RECORDS SUPPLIED:
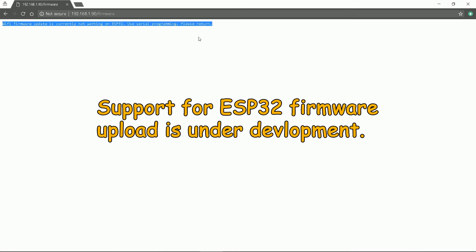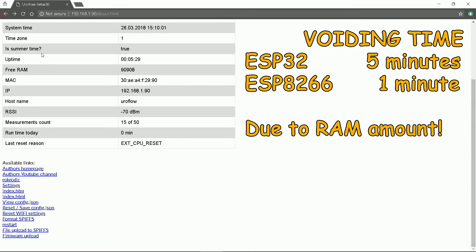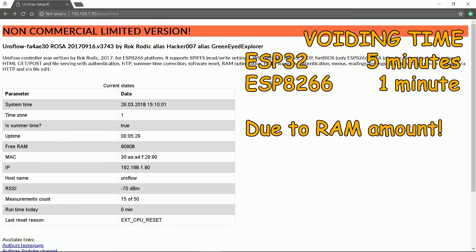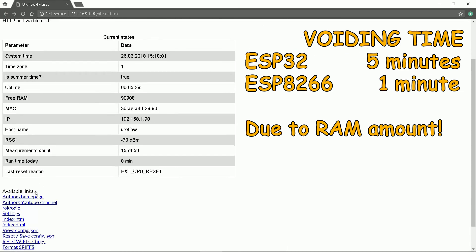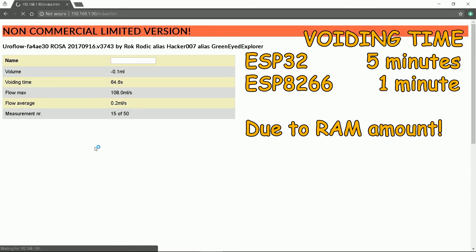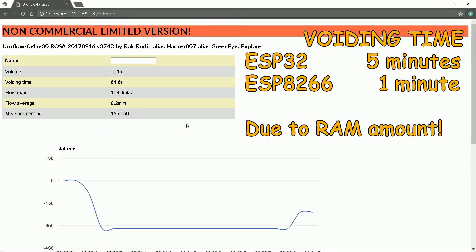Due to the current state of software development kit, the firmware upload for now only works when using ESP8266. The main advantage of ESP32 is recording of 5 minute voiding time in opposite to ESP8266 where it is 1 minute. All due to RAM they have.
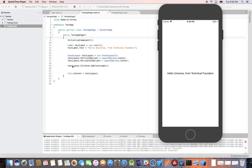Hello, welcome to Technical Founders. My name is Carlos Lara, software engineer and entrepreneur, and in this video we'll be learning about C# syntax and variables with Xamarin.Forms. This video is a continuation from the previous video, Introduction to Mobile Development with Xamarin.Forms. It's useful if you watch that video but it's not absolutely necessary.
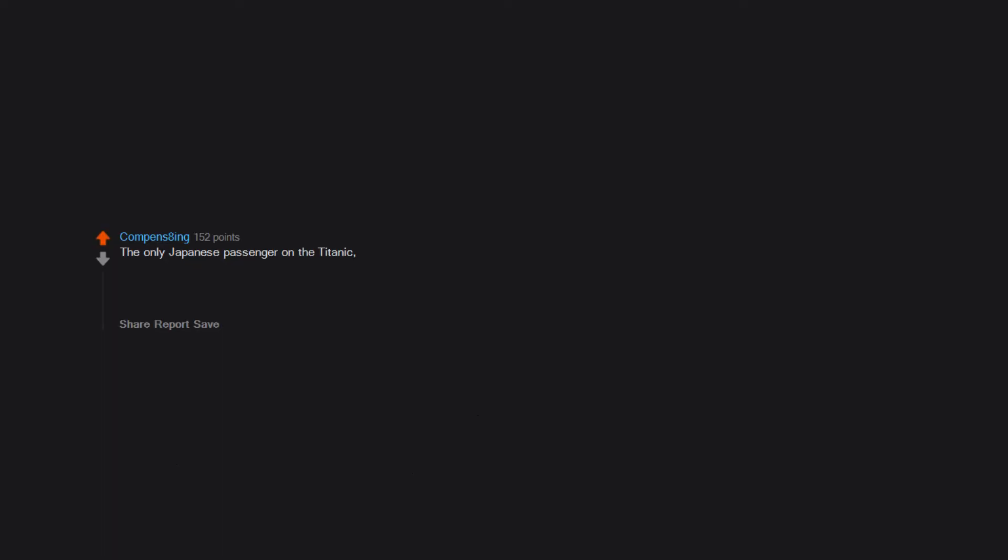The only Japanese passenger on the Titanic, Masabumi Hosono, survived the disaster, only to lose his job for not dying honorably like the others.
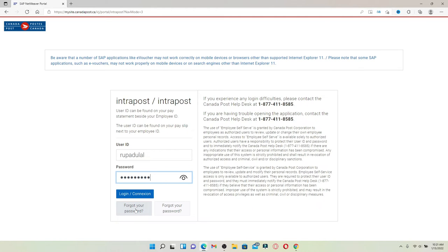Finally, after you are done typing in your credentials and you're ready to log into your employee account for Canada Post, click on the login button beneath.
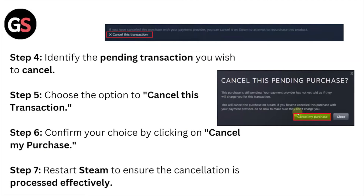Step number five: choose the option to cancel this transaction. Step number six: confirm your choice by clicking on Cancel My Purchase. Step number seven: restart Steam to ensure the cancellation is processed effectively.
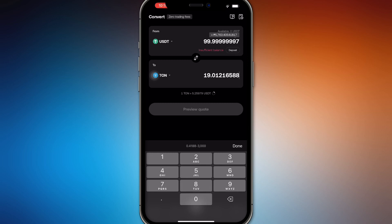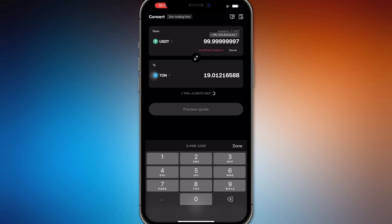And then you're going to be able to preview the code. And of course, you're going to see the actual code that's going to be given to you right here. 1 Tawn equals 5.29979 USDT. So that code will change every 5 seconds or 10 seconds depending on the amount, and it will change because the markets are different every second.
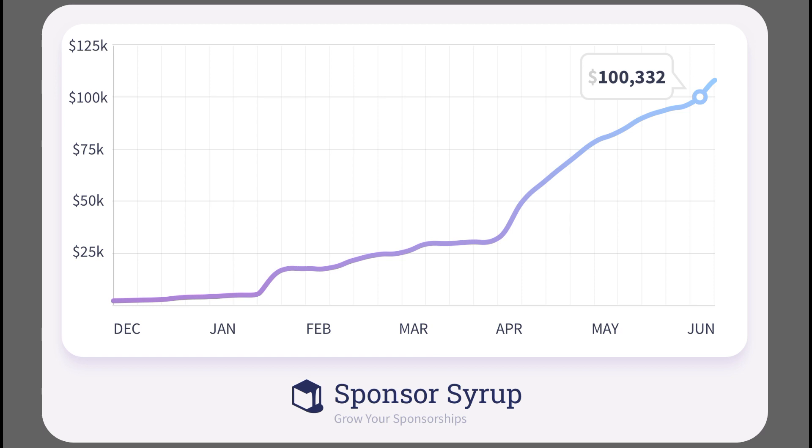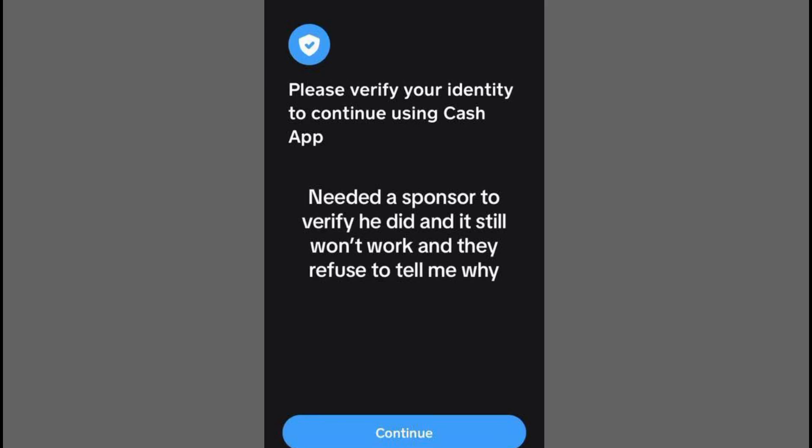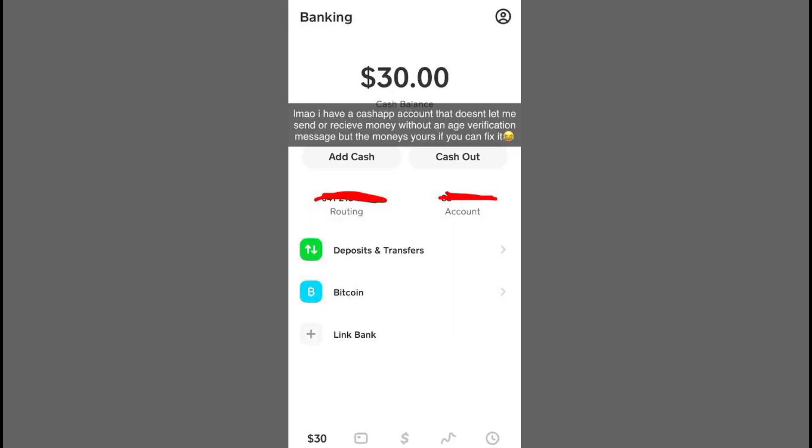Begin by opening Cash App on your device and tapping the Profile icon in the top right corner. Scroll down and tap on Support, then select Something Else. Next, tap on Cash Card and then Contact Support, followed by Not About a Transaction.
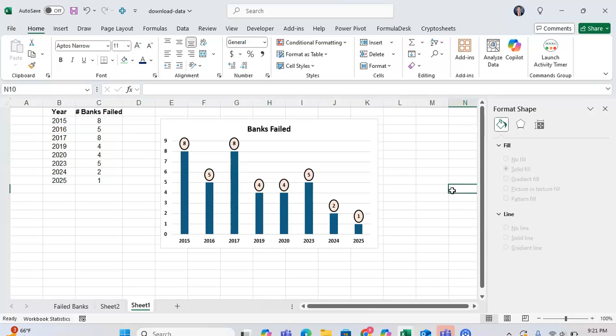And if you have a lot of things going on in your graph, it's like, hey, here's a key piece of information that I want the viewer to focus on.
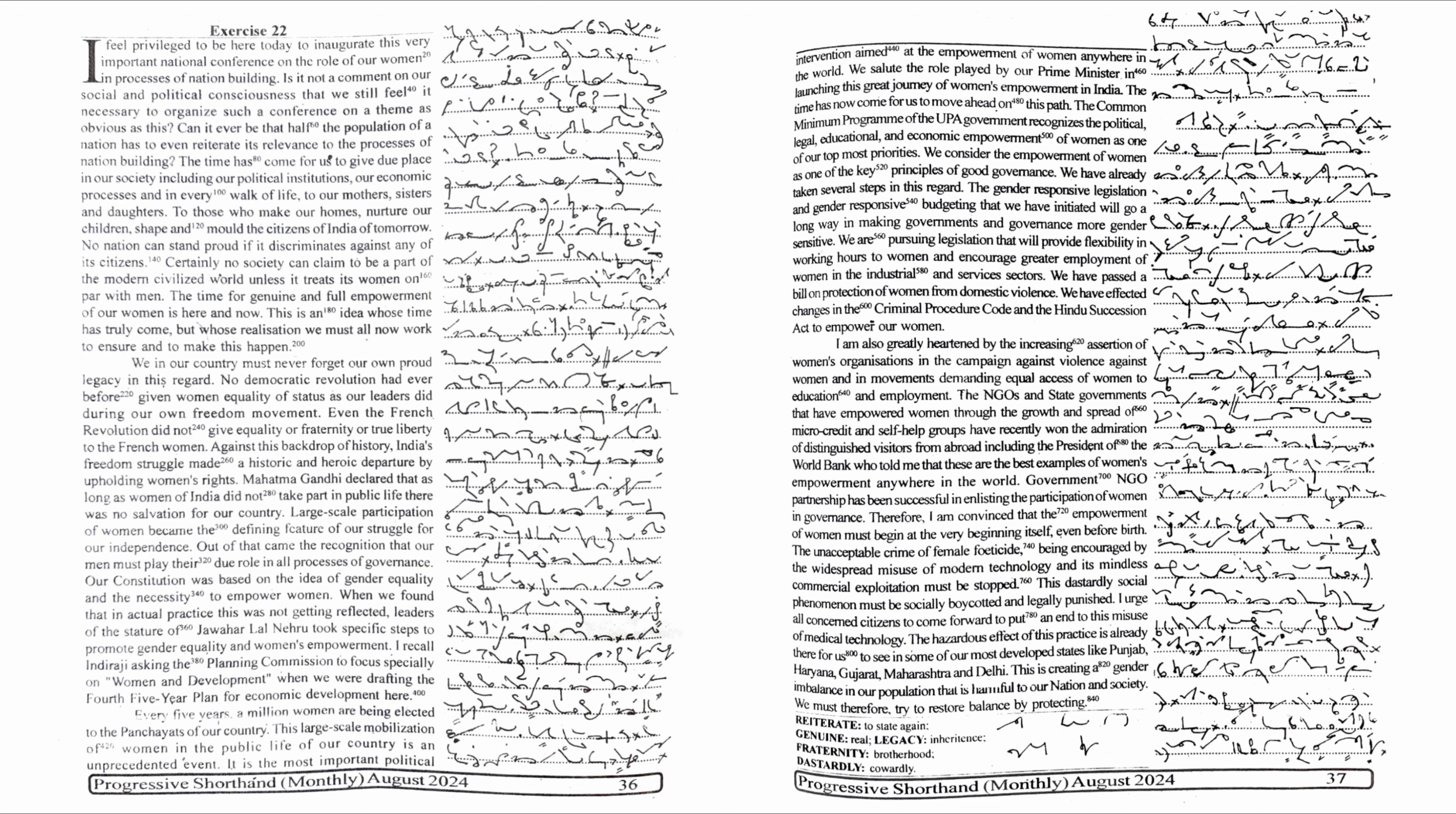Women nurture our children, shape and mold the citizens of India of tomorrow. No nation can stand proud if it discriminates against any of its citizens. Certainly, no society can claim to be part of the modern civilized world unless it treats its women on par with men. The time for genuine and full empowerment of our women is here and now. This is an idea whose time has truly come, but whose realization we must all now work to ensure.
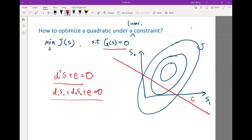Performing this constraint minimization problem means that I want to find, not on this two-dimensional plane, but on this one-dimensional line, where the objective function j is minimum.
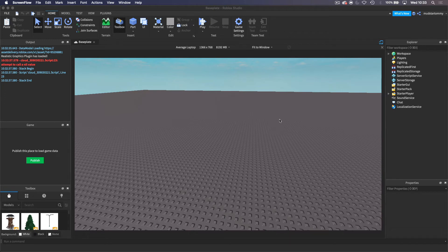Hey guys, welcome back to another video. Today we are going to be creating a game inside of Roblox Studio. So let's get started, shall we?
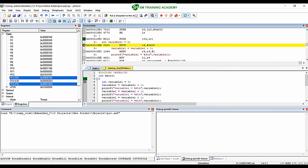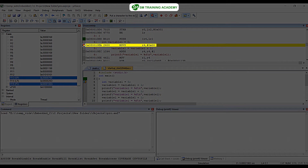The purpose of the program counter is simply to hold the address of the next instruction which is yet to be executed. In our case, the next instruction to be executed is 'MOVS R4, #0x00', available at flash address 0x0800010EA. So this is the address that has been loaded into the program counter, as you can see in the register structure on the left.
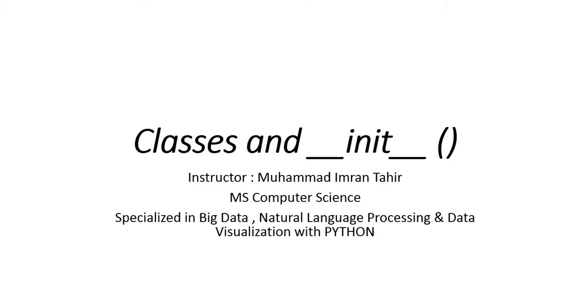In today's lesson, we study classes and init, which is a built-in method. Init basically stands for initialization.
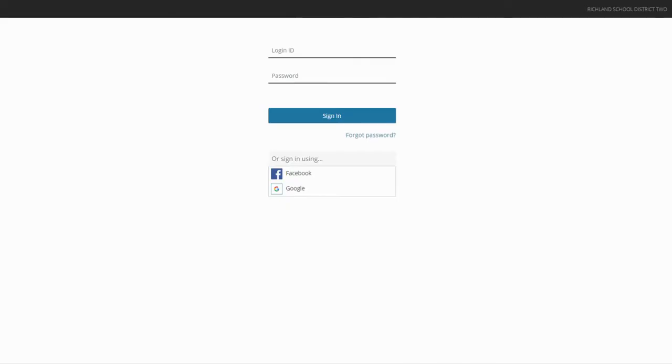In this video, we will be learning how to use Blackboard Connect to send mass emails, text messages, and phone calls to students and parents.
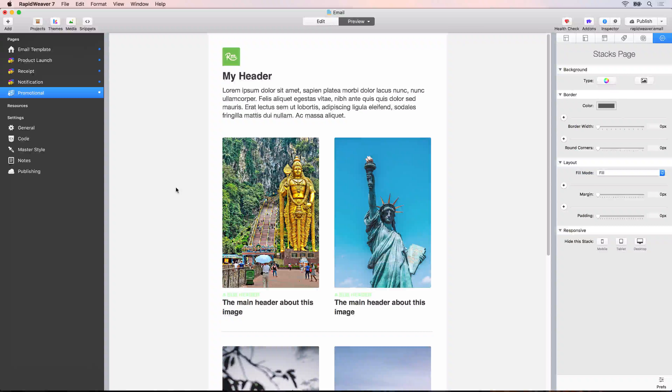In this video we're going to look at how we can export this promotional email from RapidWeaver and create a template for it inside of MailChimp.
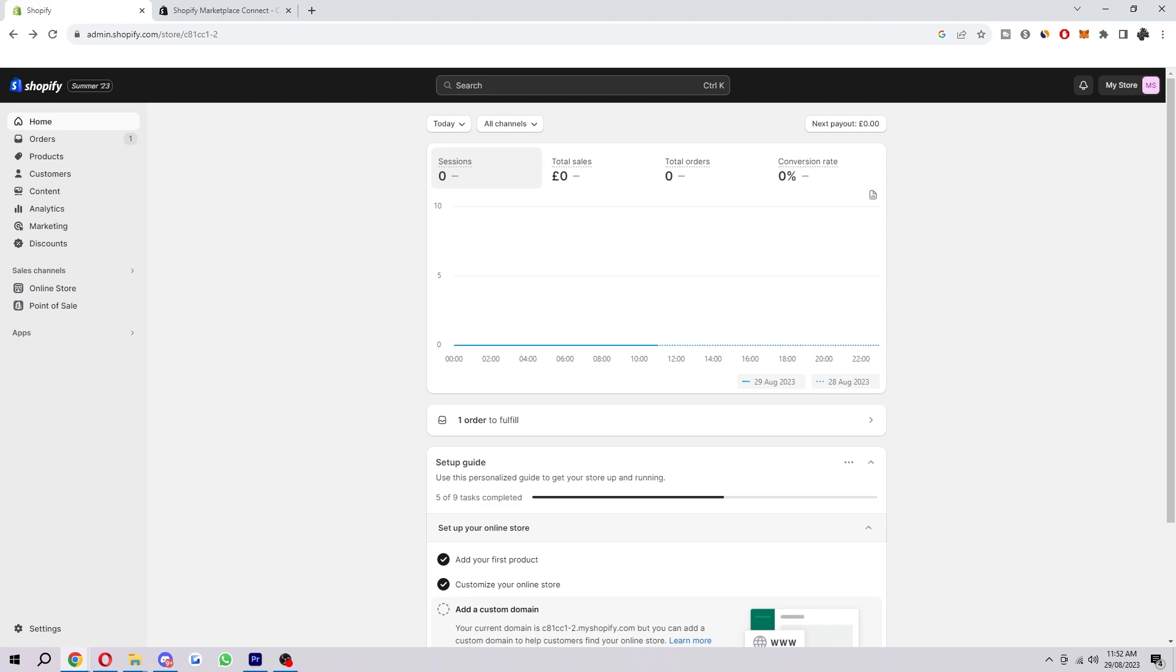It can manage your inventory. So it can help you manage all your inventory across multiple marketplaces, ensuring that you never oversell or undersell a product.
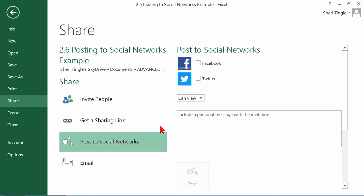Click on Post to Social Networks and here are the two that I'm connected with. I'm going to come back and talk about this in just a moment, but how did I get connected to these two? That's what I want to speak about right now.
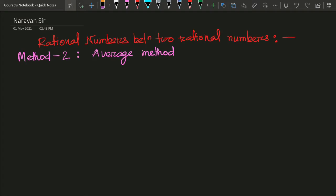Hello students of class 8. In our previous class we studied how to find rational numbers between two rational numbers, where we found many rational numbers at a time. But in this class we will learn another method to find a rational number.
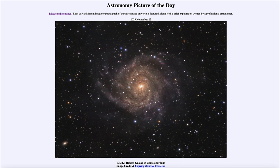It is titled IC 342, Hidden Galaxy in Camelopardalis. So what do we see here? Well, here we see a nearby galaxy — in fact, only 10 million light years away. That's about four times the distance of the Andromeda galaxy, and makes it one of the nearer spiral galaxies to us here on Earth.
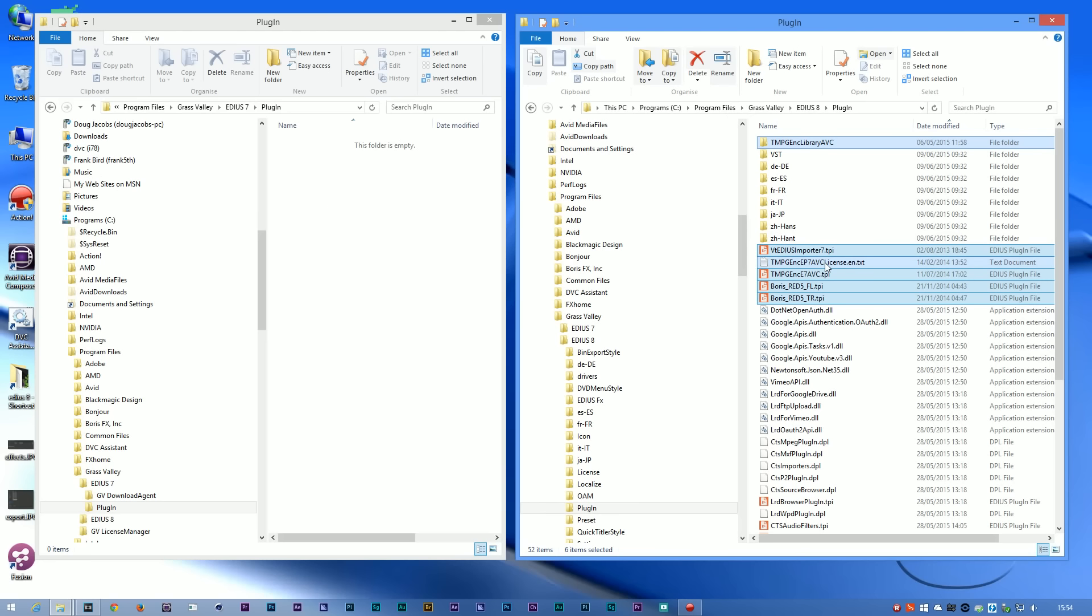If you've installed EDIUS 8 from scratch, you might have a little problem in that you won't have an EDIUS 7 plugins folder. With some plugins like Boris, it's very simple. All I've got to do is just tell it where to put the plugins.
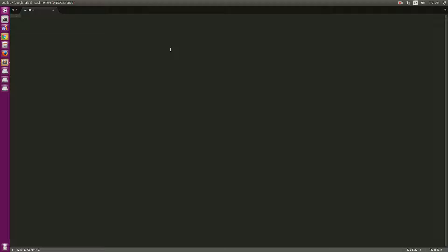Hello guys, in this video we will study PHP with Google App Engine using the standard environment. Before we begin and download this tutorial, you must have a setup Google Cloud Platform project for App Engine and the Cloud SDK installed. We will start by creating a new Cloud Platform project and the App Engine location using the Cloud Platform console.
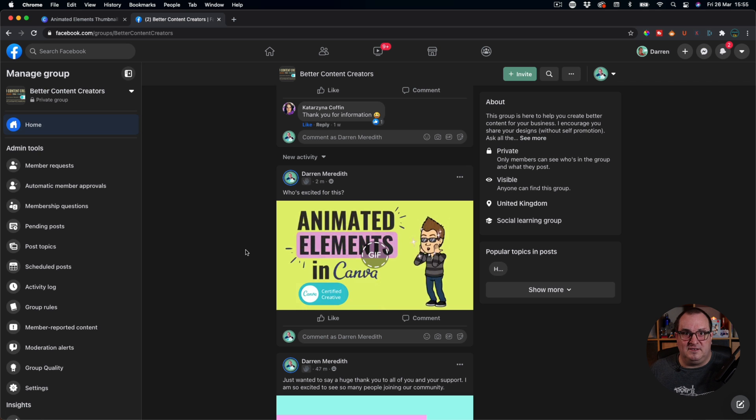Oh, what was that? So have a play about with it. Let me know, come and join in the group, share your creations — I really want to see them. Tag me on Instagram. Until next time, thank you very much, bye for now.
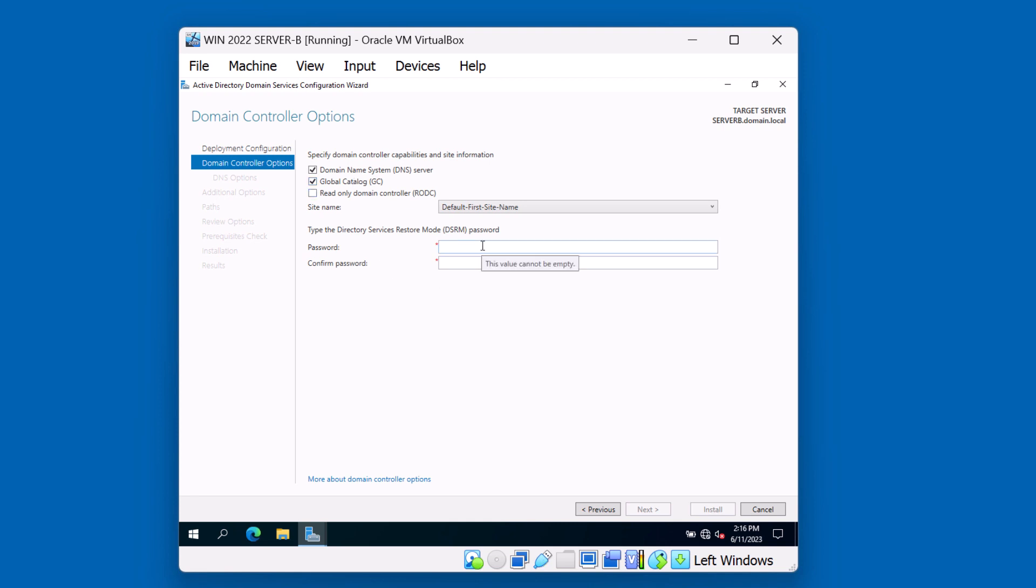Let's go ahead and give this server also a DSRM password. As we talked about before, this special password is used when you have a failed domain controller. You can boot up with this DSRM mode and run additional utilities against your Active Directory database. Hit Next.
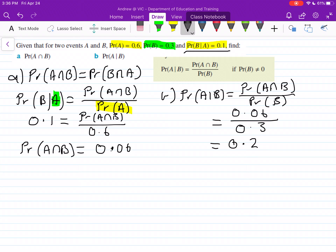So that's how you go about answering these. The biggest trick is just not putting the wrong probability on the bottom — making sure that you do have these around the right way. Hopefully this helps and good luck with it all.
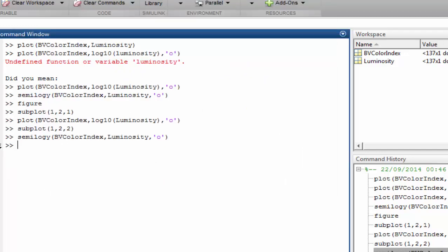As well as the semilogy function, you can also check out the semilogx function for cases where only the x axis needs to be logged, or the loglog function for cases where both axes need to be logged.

YOUR TASK:
Within the entries above, the lines from the one containing "The purpose of" through the one containing "It can manage" are to be transcribed exactly, ends included, pictures excluded.

RESULT OF THIS TASK:
The purpose of the program counter is simply to hold the address of the next instruction which is yet to be executed. In our case, the next instruction to be executed is 'MOVS R4, #0x00', available at flash address 0x0800010EA. So this is the address that has been loaded into the program counter, as you can see in the register structure on the left.
In today's lesson, we study classes and init, which is a built-in method. Init basically stands for initialization.
In this video, we will be learning how to use Blackboard Connect to send mass emails, text messages, and phone calls to students and parents.
In this video we're going to look at how we can export this promotional email from RapidWeaver and create a template for it inside of MailChimp.
It can manage your inventory. So it can help you manage all your inventory across multiple marketplaces, ensuring that you never oversell or undersell a product.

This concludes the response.